> _Directions for this task_
Could you retype, exactly and with no pictures, only the lines from the first line of the records below through the line that contains "Man's hand holding"?

> _Captioned web image data_
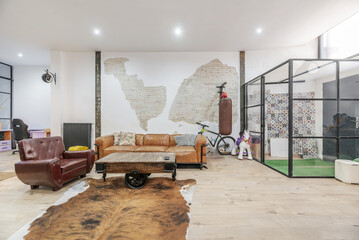 Large open space in a loft-style home with transparent partitions, decorative wood and metal furniture in an industrial style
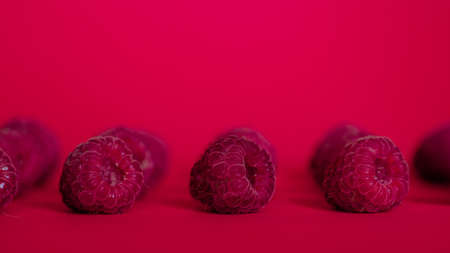 Three bottles for cosmetic products with white caps on a pink backgroundの写真素材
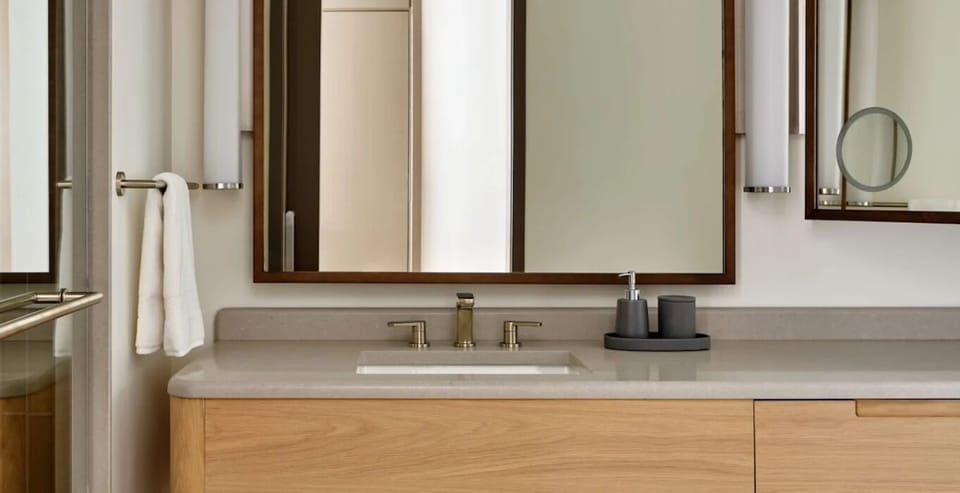 Get ready with generous counter space and glowing mirrors.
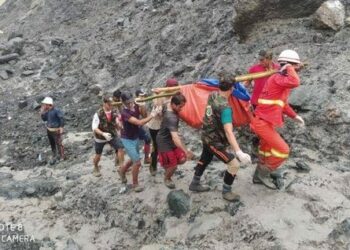 Rescuers carrying the bodies of those buried alive by a landslide at a Hpakant jade mine in Kachin State on Thursday. / Myanmar Fire Services Department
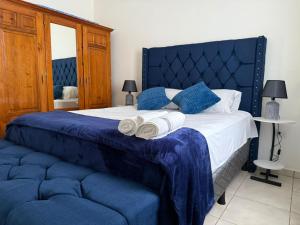 a bedroom with a blue and white bed with towels on it at Aloft Alvarado in Siguatepeque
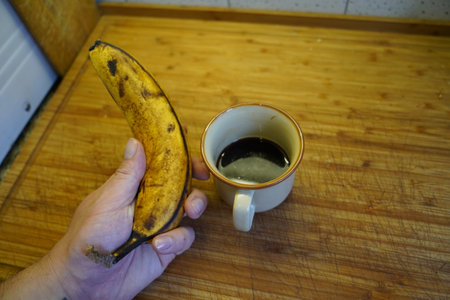 Man's hand holding a cup of coffee and a banana on a wooden tableの写真素材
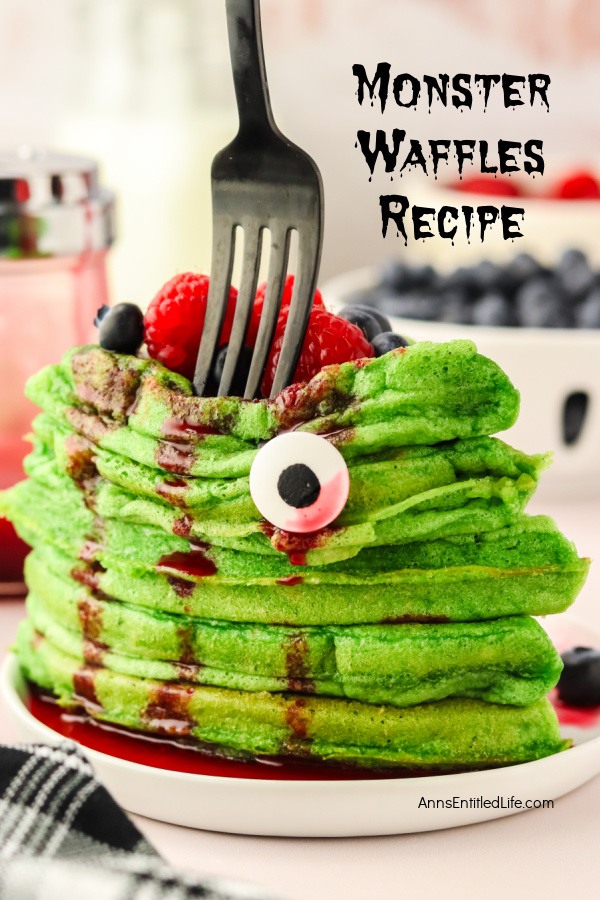 A stack of green waffles drenched in red syrup on a white plate. The waffles are topped with berries and candy eyes, and a fork is descending into the pile.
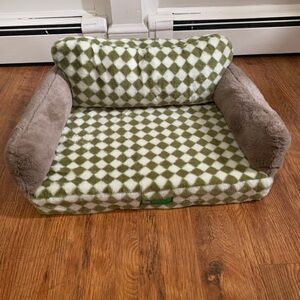 Cat couch bed with removable cover.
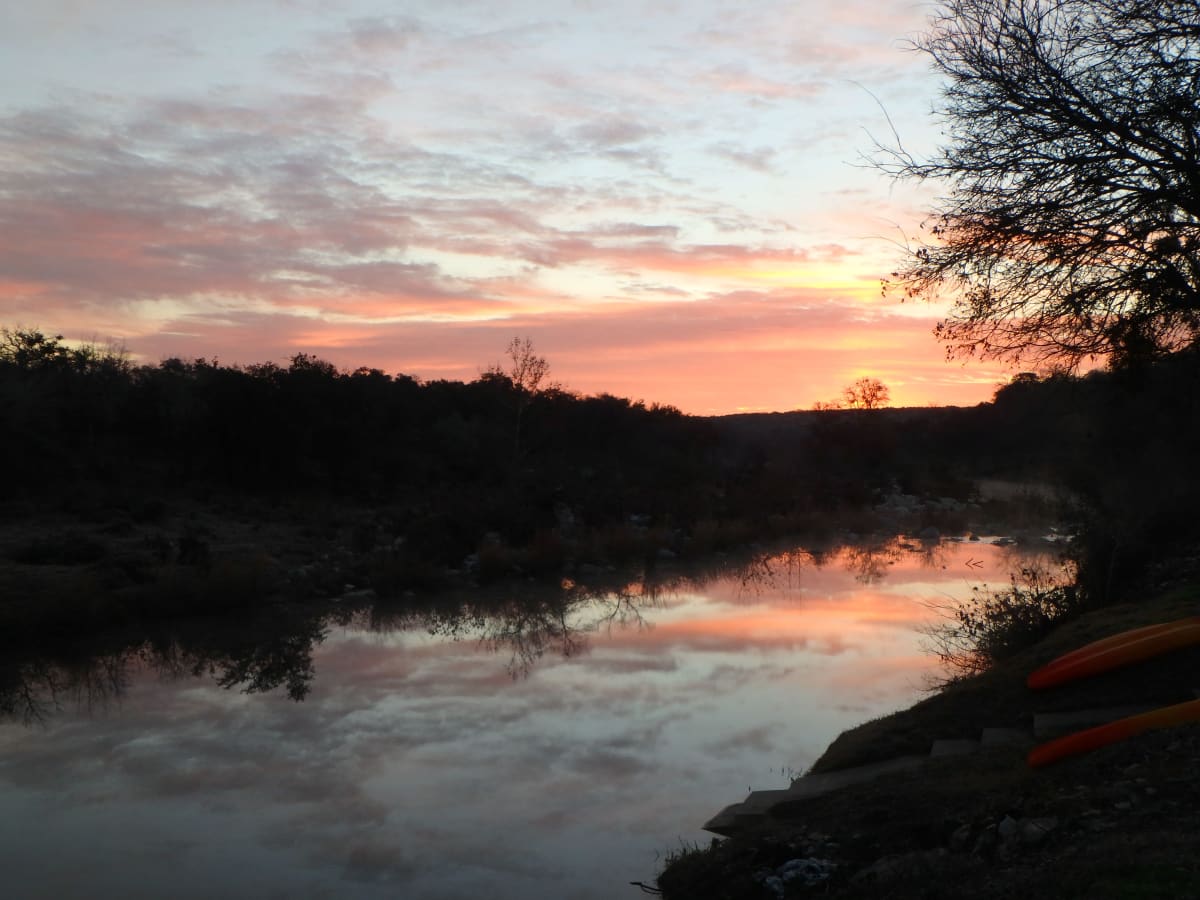 Pink and orange sunset reflected in a still Texas creek, kayaks pulled up on the far bank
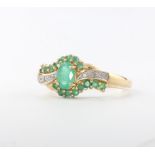 A 9ct yellow gold emerald and diamond dress ring, size P, 3 grams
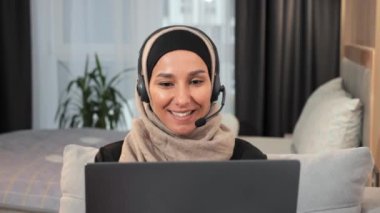 Güzel, genç, Arap Müslüman kadın blogcu, kulaklık takmış evde oturmuş bilgisayarla internetten video görüşmesi yapıyor. Türbanlı kadın vlogger çalışıyor, uzak kurslar. Video blogu. Müslümanlar. Eğitim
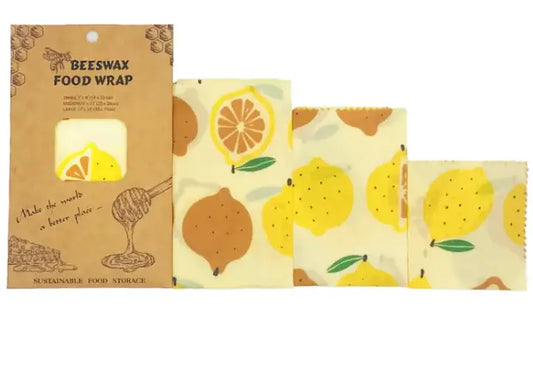 Set of reusable beeswax food wraps with citrus print, shown in four sizes and eco-friendly packaging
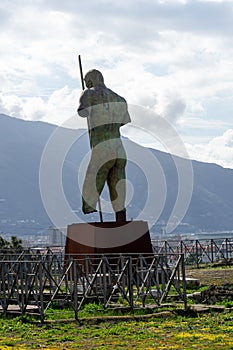 large statue in the house of Romolo and Remo in the archaeological park of Pompeii, Italy.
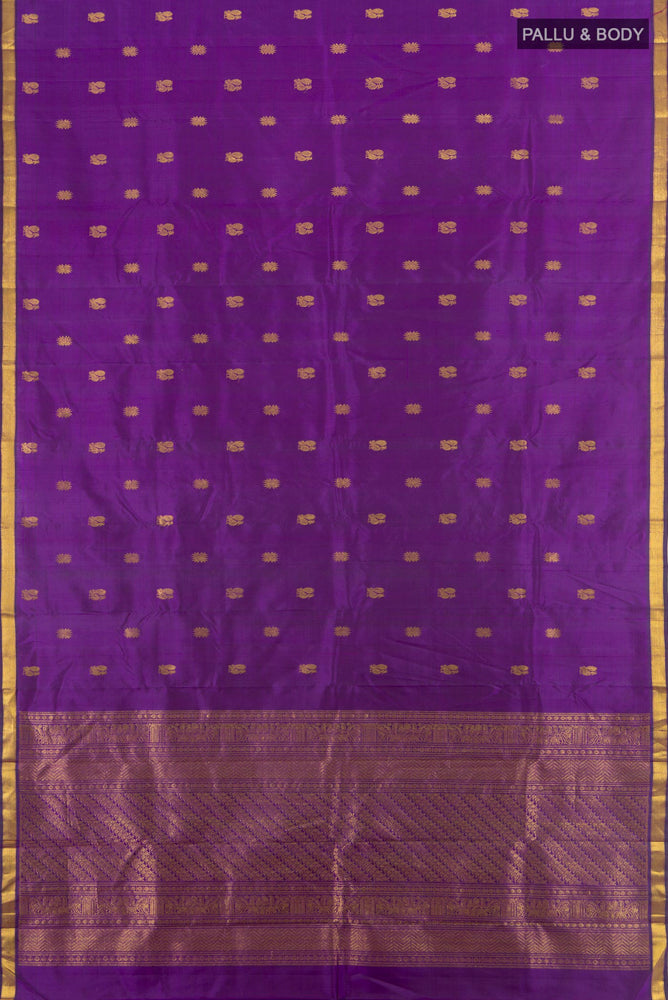 Flat view of Violet Kanjivaram Silk Saree with Zari Butta on the body and Silk Border. 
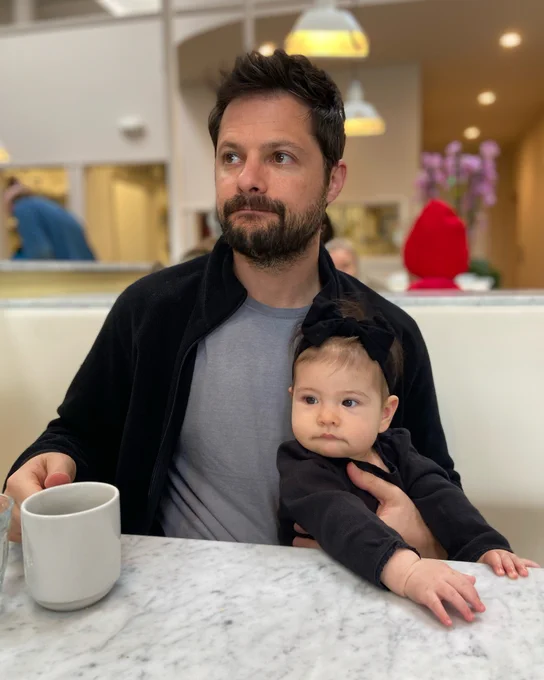 Doug holds his baby girl as the both look off to the left. Doug holds a cup of coffee in his other hand. They both wear black and a seated in a brightly lit diner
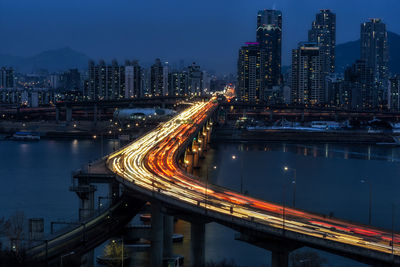 Illuminated bridge over river at dusk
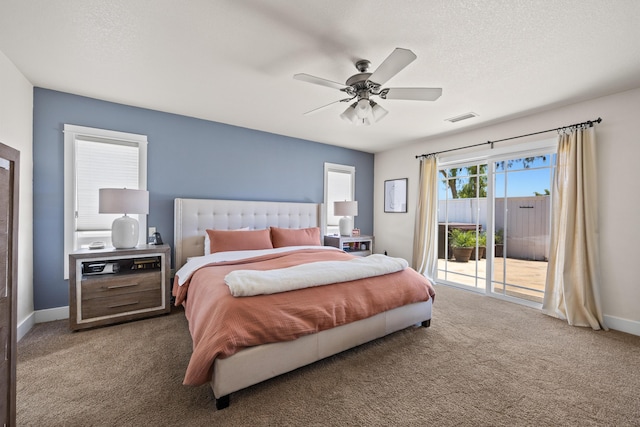 carpeted bedroom with ceiling fan, access to exterior, and a textured ceiling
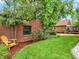 Secluded backyard oasis with brick walls, a green lawn, and lush landscaping at 1247 Dexter St, Denver, CO 80220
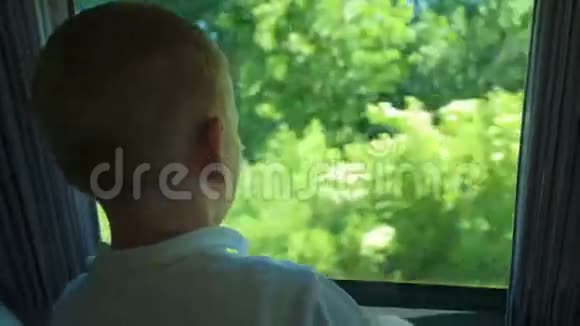 小男孩从敞开的公共汽车窗户往外看视频的预览图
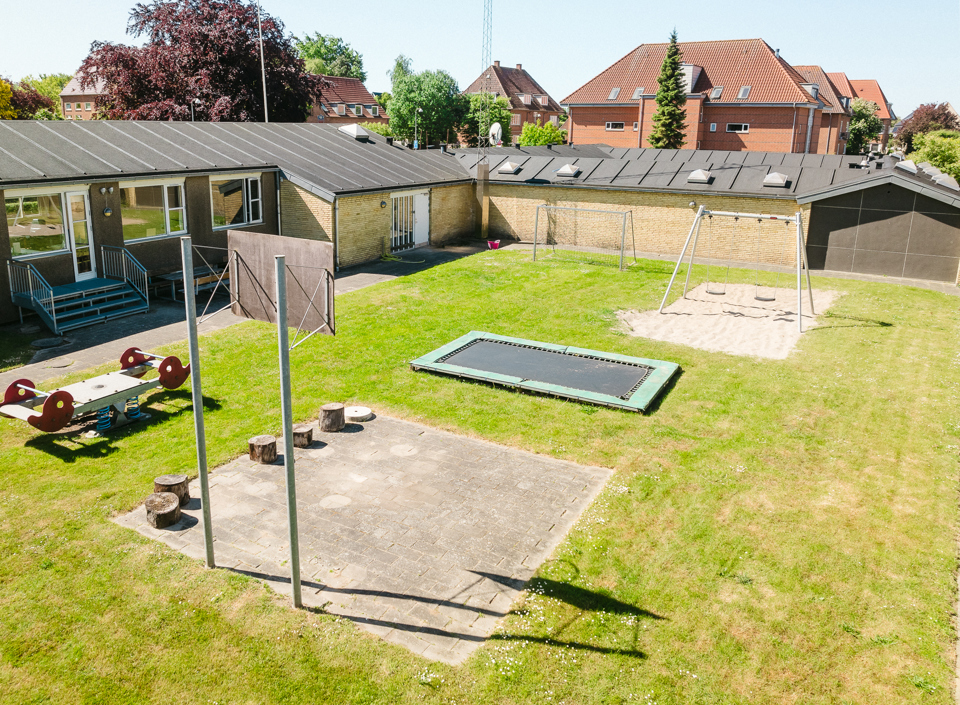 Trampolin, basket og gyngestativ i haven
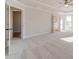 Large main bedroom featuring tray ceilings, neutral paint, and plush carpeting at 174 Pinewood Dr, Covington, GA 30014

> _Reply_
 Large open space in a loft-style home with transparent partitions, decorative wood and metal furniture in an industrial style
 Three bottles for cosmetic products with white caps on a pink backgroundの写真素材
 Get ready with generous counter space and glowing mirrors.
 Rescuers carrying the bodies of those buried alive by a landslide at a Hpakant jade mine in Kachin State on Thursday. / Myanmar Fire Services Department
 a bedroom with a blue and white bed with towels on it at Aloft Alvarado in Siguatepeque
 Man's hand holding a cup of coffee and a banana on a wooden tableの写真素材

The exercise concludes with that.